El príncipe después de un año de peregrinación, llega al fin al término señalado por el genio. éste, durante las jornadas, fijos los ojos sobre su protegido, ha velado día y noche por su vida hasta dejarle en Kattak.

II

La aurora rasga el velo de la noche; de sus trenzas de oro se desprenden el rocío en una lluvia de perlas sobre las colinas y las llanuras; los horizontes del mar se encienden y las crestas de sus olas brillan como las escamas de la armadura de un guerrero en un día de combate; de las flores, húmedas aún con las lágrimas del crepúsculo, se eleva al cielo una columna de aromas en emanaciones; perfumadas emanaciones que los genios, cruzando sobre las nubes celestes y ambarinas, recogen con las matinales plegarias de los brahmines, para depositarlas a los pies de Bermach, autor de la maravillosa máquina de los mundos.

III

Pulo se ha sentado sobre una de las rocas que erizan en aquella parte del reino de Kattak las extensas playas del Océano. Su pensamiento está dividido entre su esposa y su conciencia.

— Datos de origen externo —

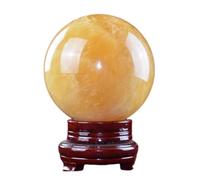 Crystal Rough Yellow Calcite Rianbow Quartz Sphere Ball Stones Gemstones Gifts Decor Minerals Aesthetic Room NaturalReiki Decoration,Yellow-13cm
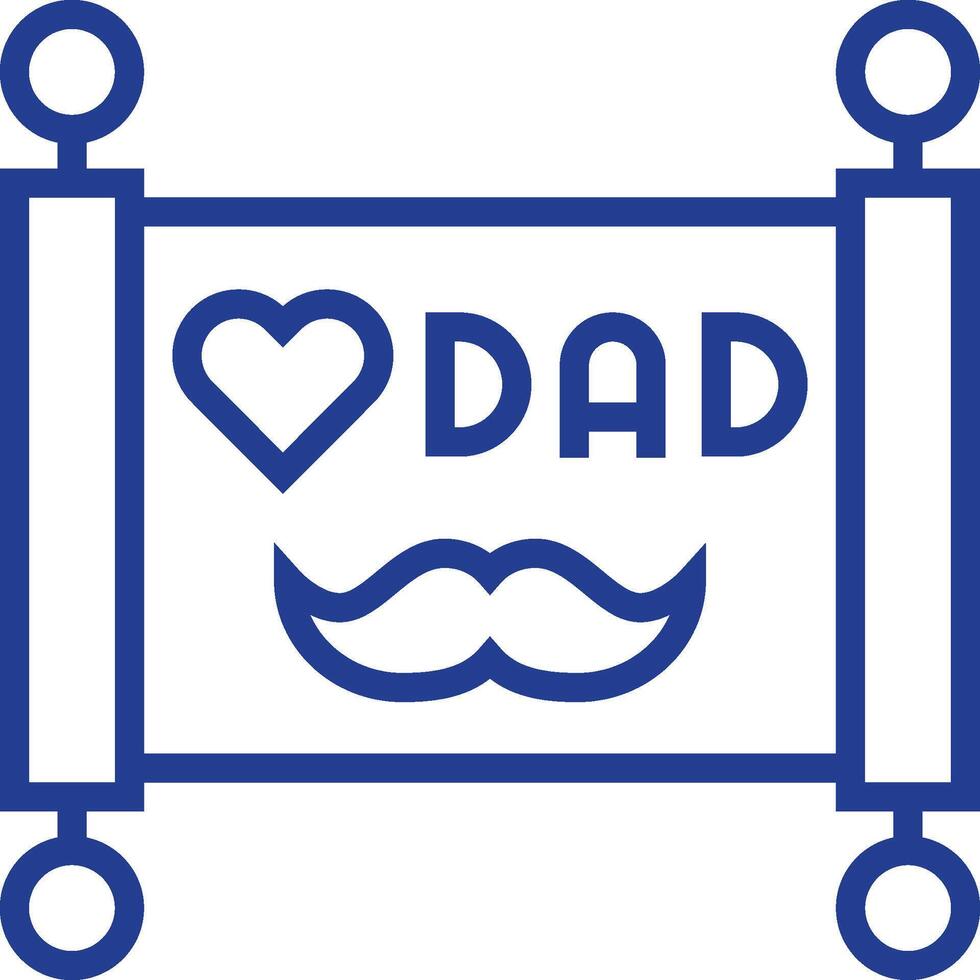 A blue and white logo with a mustache and the word dad vector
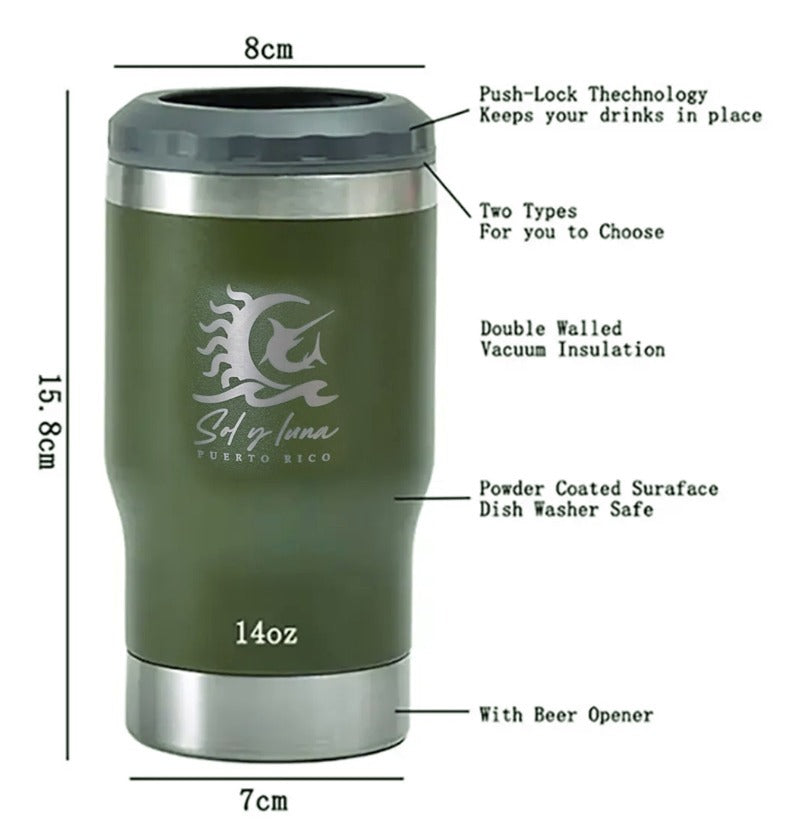 14 Oz 4in1 Can Cooler Tumbler With Bottle Opener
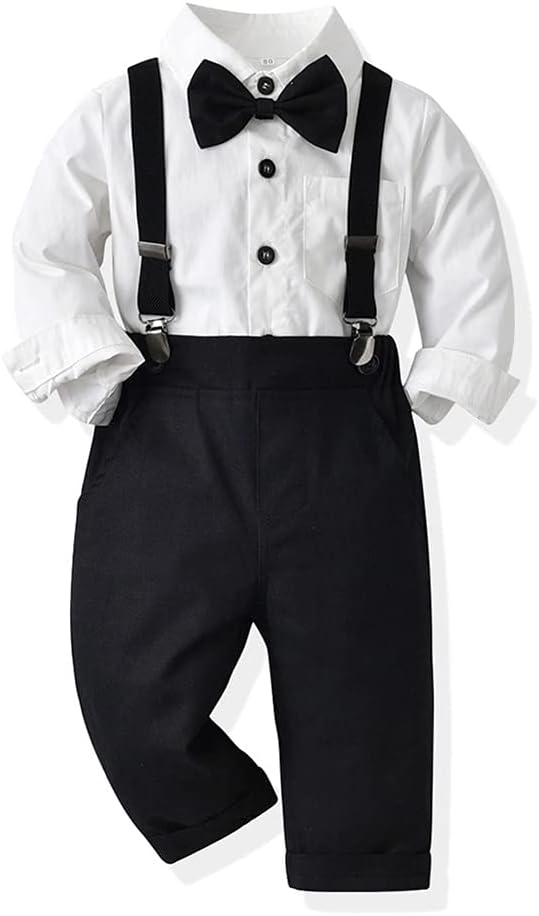 IDOPIP Toddler 1st Christmas Groom GOWN Tuxedo Hiring Retro Adorable Overalls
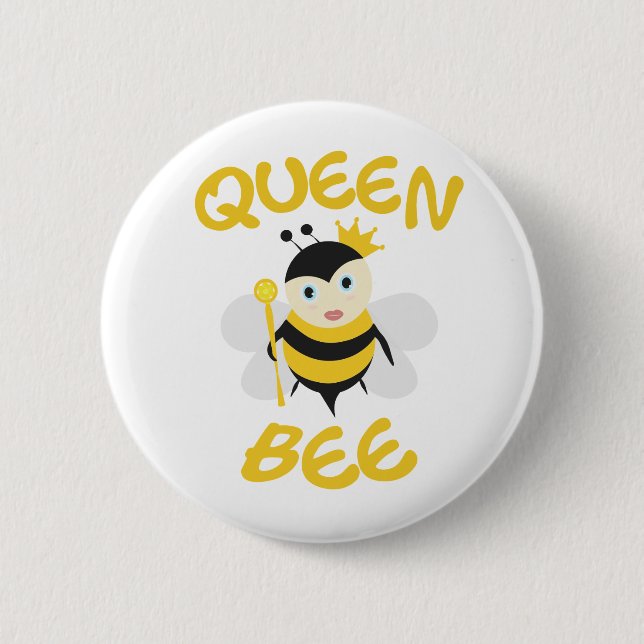 Queen Bee 6 Cm Round Badge (Front)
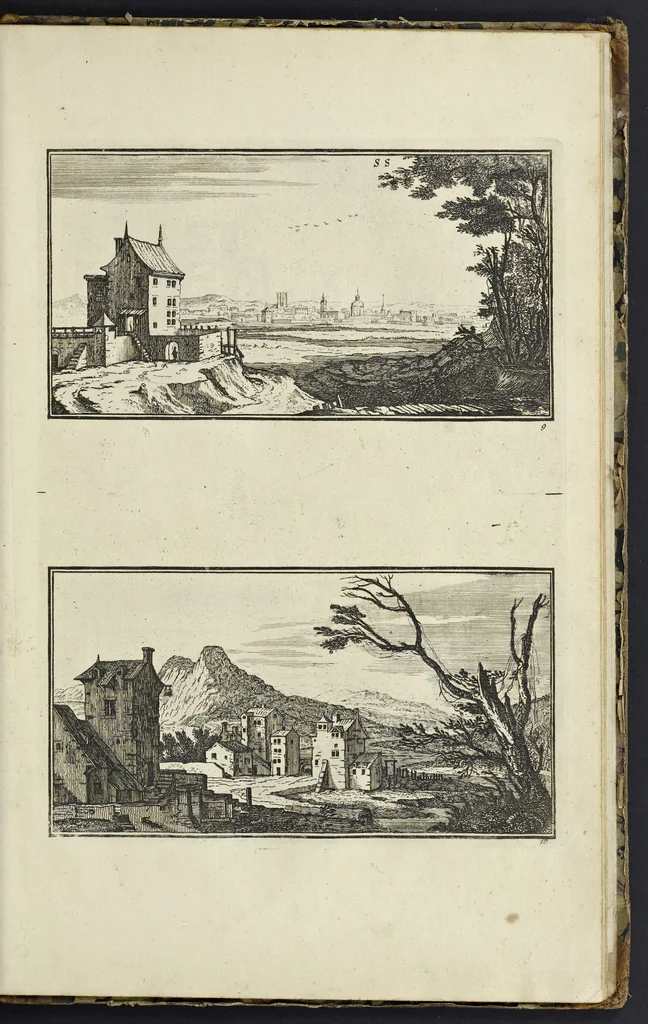 An illustration from The principles of drawing, or, An easy and familiar method for the improvement of youth in the practice of that useful art : being a compleat drawing book, containing a curious collection of examples in all the variety of cases, as the several parts of the human body, whole figures, landskips, cattle, &c. curiously engraved on copper-plates, after the designs of Albert Durer, Abrah. Bloemart, Carlo Morac, Le Clerc, Hollar, and other great masters : to which is prefix'd an introduction to drawing ..., 1764, leaf 94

-Ya se aproxima -dice- la hora del perdón; unos esfuerzos más, y me hallo en presencia del ave misteriosa que Vichenú ha escogido pura intérprete de sus designios. Dios, que conservas cuanto existe, apartando las tempestades y la muerte de la cabeza de los hombres, no interpongas tu poder entre mi corazón y la flecha de los guerreros, entre mi vida y las garras del tigre, o los anillos del boa gigante; pero defiéndeme contra mí mismo, arráncame el amor y la conciencia, cuyos golpes matan sin que se vea la mano que los dirige.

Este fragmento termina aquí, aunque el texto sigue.